TASK TO COMPLETE
Would you please repeat all of the data exactly, omitting the pictures?

Start of RAW DATA

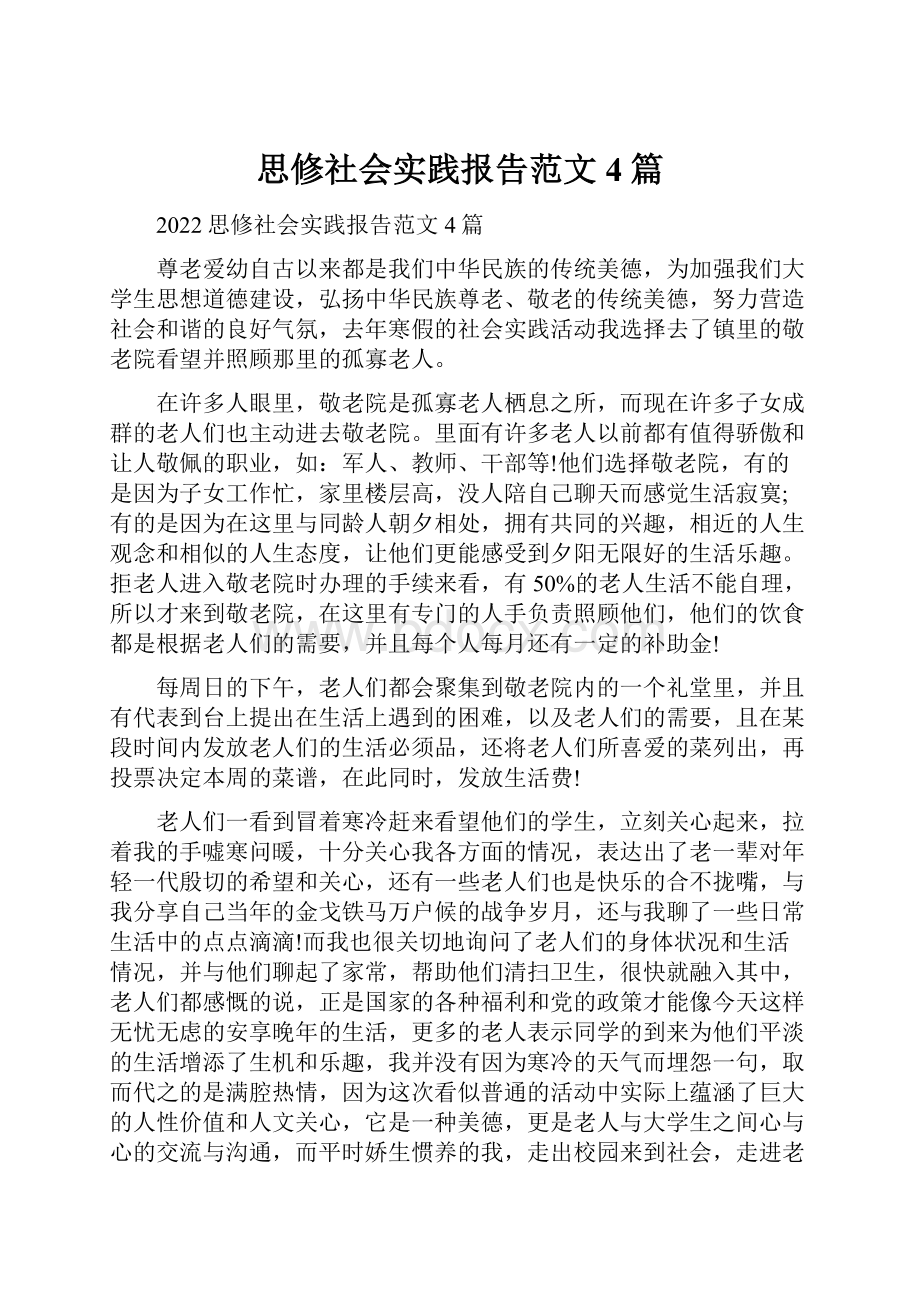 思修社会实践报告范文4篇.docx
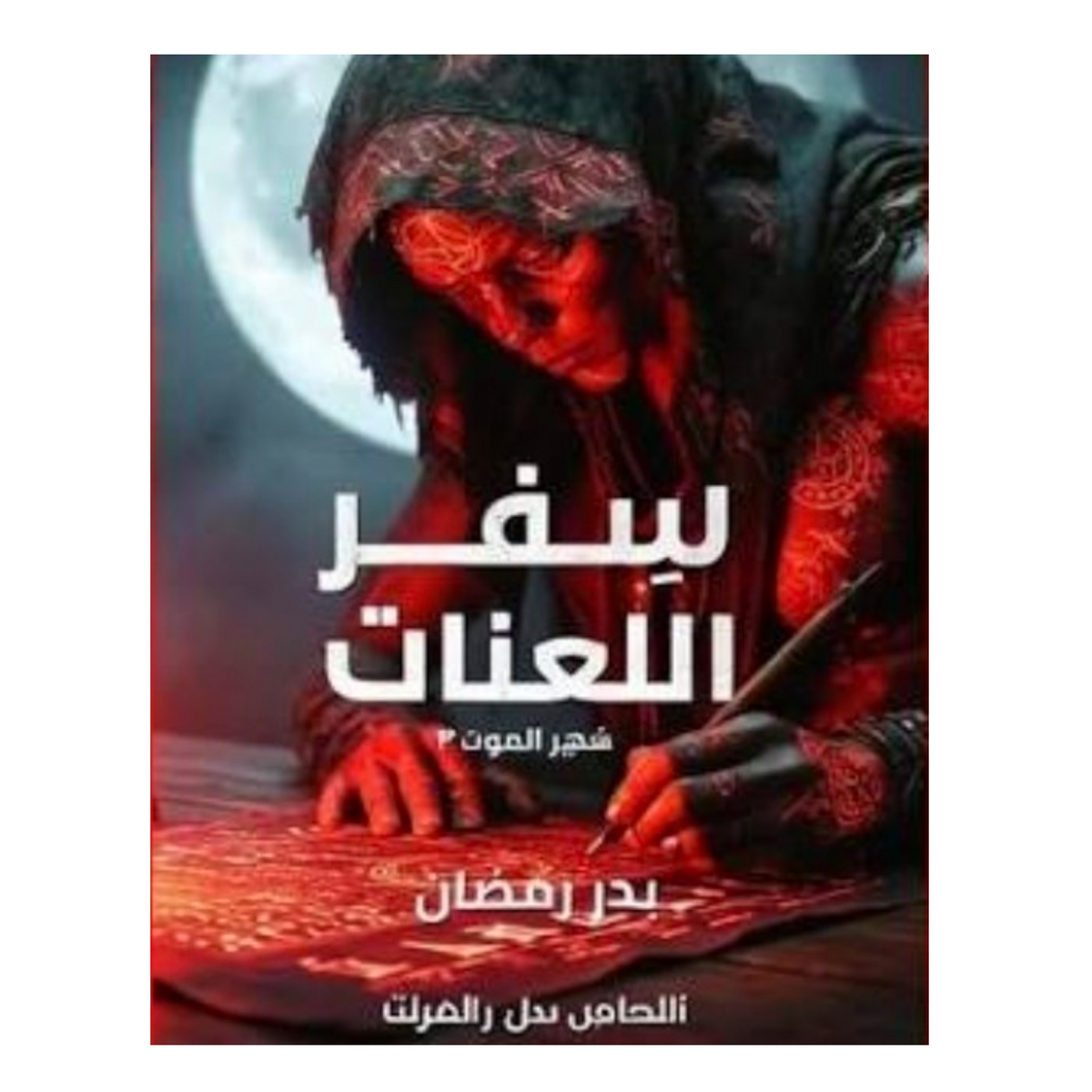 سفر اللعنات شهر الموت 3 - Book Fanar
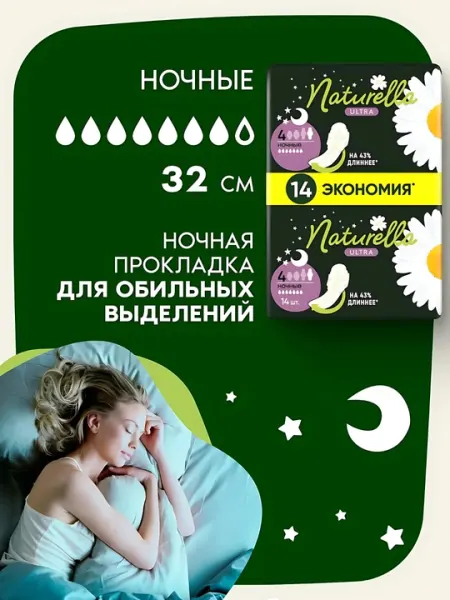 Naturella Ultra ромашка Night Duo ночные прокладки, 14 шт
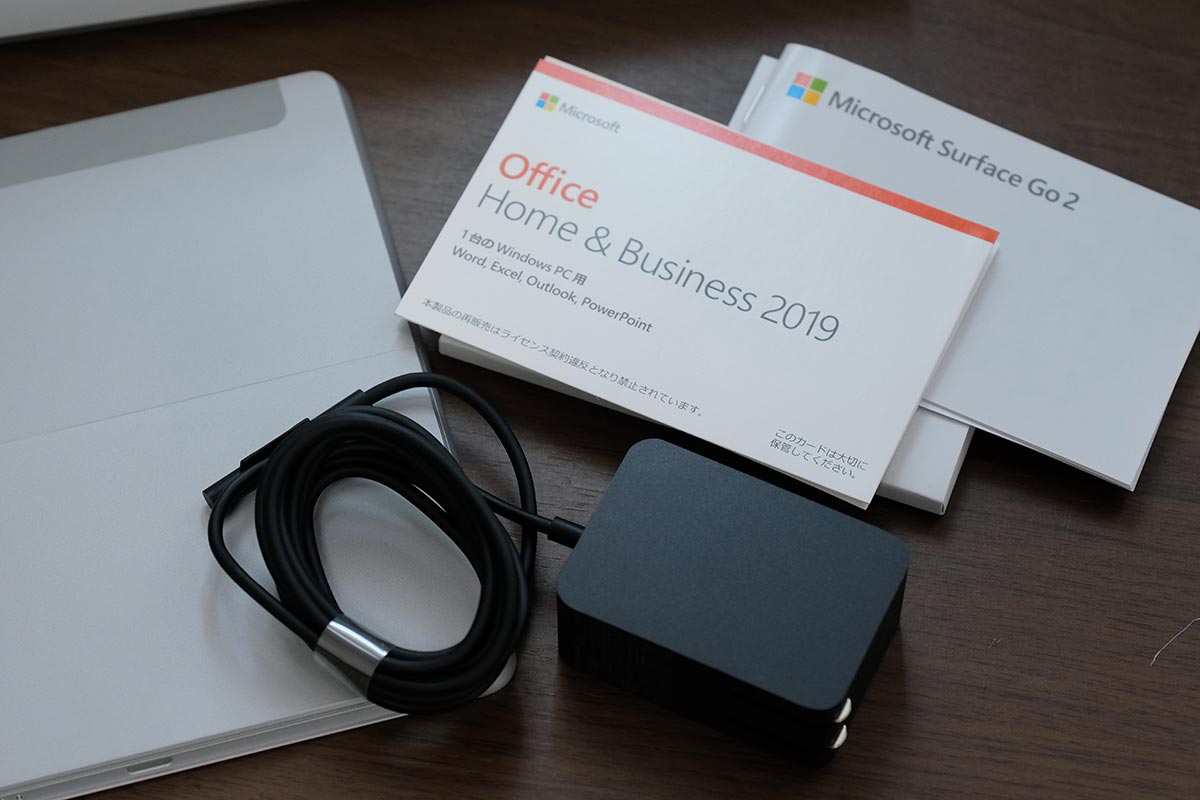 Surface Go2 同梱品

End of RAW DATA

TASK ANSWER
 思修社会实践报告范文4篇.docx
 سفر اللعنات شهر الموت 3 - Book Fanar
 Naturella Ultra ромашка Night Duo ночные прокладки, 14 шт
 Surface Go2 同梱品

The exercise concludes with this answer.